'''
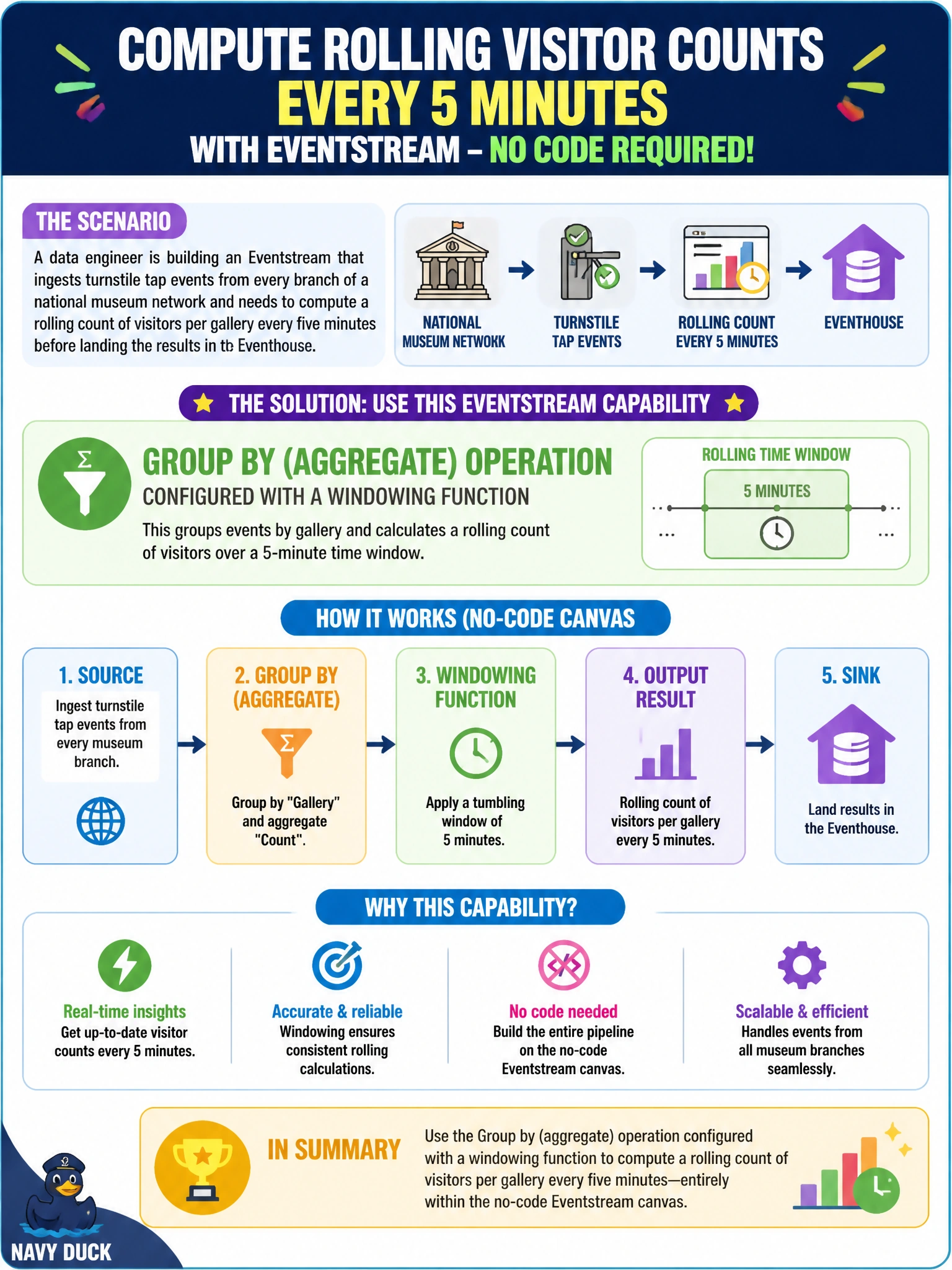 To Create an exciting colorful infographic that explains the concepts in the question: Question: A data engineer is building an Eventstream that ingests turnstile tap events from every branch of a national museum network and needs to compute a rolling count of visitors per gallery every five minutes before landing the results in an Eventhouse. Which Eventstream capability should the engineer use to do this without leaving the no-code canvas? Correct Answer: The Group by (aggregate) operation configured with a windowing function Put EVERY visible label in double quotes. No people. No A/B/C/D letters. In one of the four corners put a little "Navy Duck".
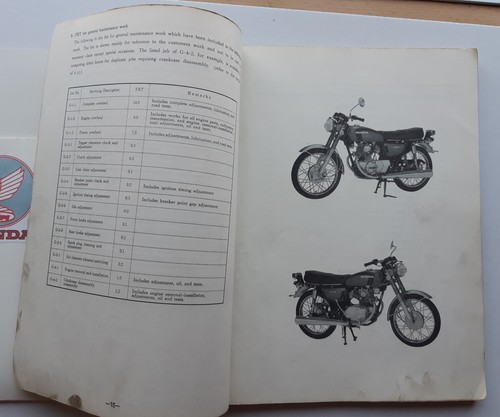 Original Ersatzteil Liste Parts List Honda CB 125 K5 Ausgabe 1972 - Bild 8 von 8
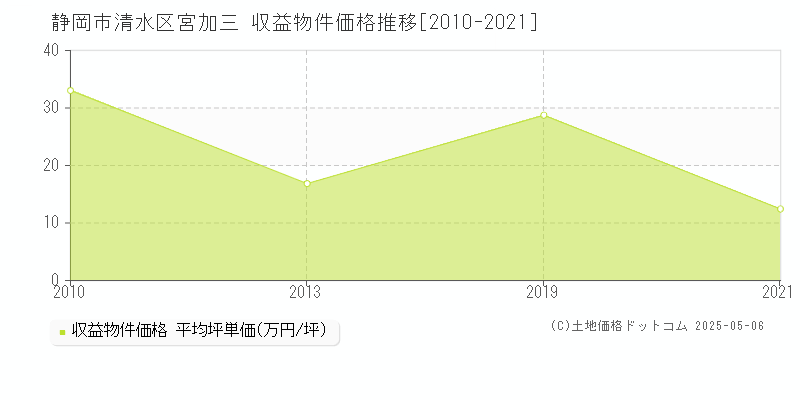 宮加三(静岡市清水区)の収益物件価格推移グラフ(坪単価)[2010-2021年]
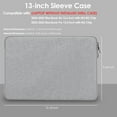 thumbnail image 6 of MYKOMI 13-Inch Laptop Sleeve Case for 2024 MacBook Air 13.6 inch with M3 Chip (A3113) Accessory Traveling Carrying Bag Cover Water-resistant Simple Case for MacBook Air 13.6'' M3 2024, 6 of 7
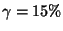 $\gamma=15\%$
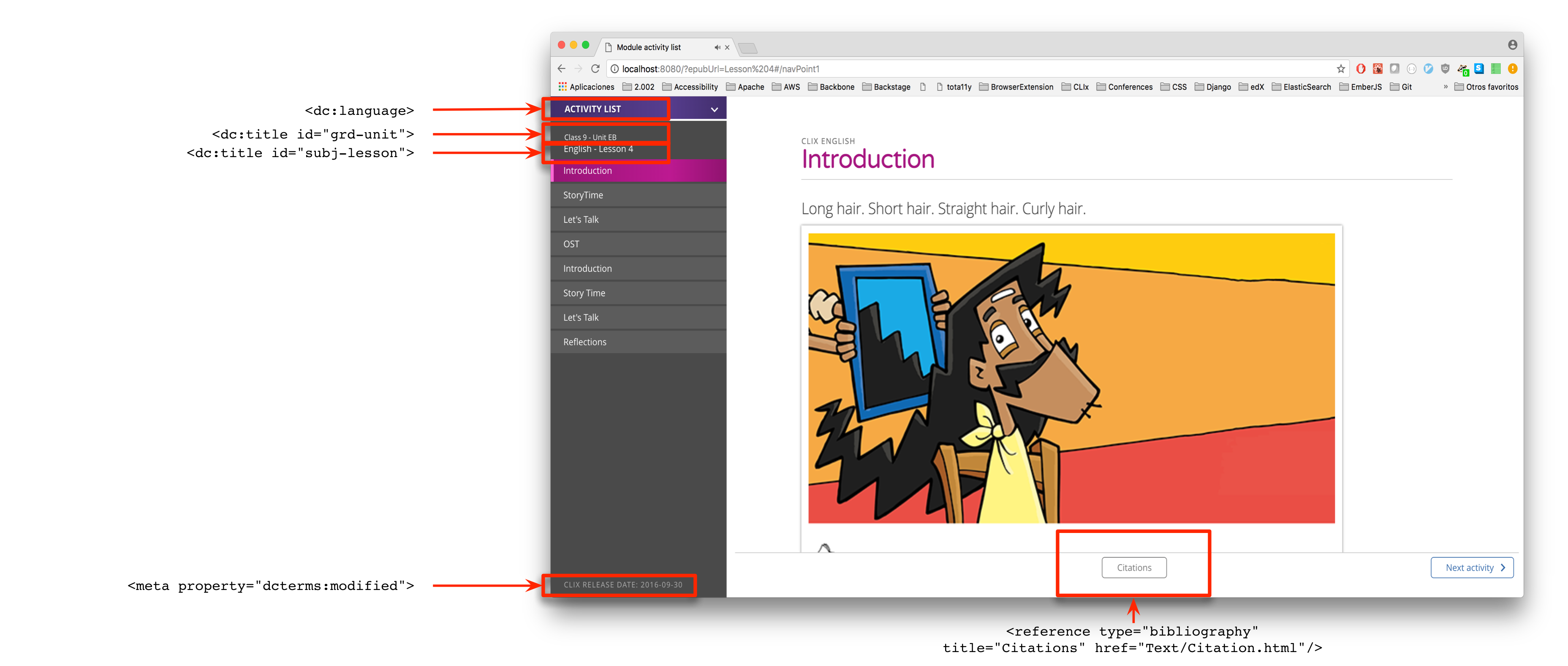 Diagram showing where different metadata values from content.opf show up in the UI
'''
• Brief
Write out the listing above exactly, images omitted.

• Output for this exercise
 To Create an exciting colorful infographic that explains the concepts in the question: Question: A data engineer is building an Eventstream that ingests turnstile tap events from every branch of a national museum network and needs to compute a rolling count of visitors per gallery every five minutes before landing the results in an Eventhouse. Which Eventstream capability should the engineer use to do this without leaving the no-code canvas? Correct Answer: The Group by (aggregate) operation configured with a windowing function Put EVERY visible label in double quotes. No people. No A/B/C/D letters. In one of the four corners put a little "Navy Duck".
 Original Ersatzteil Liste Parts List Honda CB 125 K5 Ausgabe 1972 - Bild 8 von 8
 宮加三(静岡市清水区)の収益物件価格推移グラフ(坪単価)[2010-2021年]
 thumbnail image 6 of MYKOMI 13-Inch Laptop Sleeve Case for 2024 MacBook Air 13.6 inch with M3 Chip (A3113) Accessory Traveling Carrying Bag Cover Water-resistant Simple Case for MacBook Air 13.6'' M3 2024, 6 of 7
 $\gamma=15\%$
 Diagram showing where different metadata values from content.opf show up in the UI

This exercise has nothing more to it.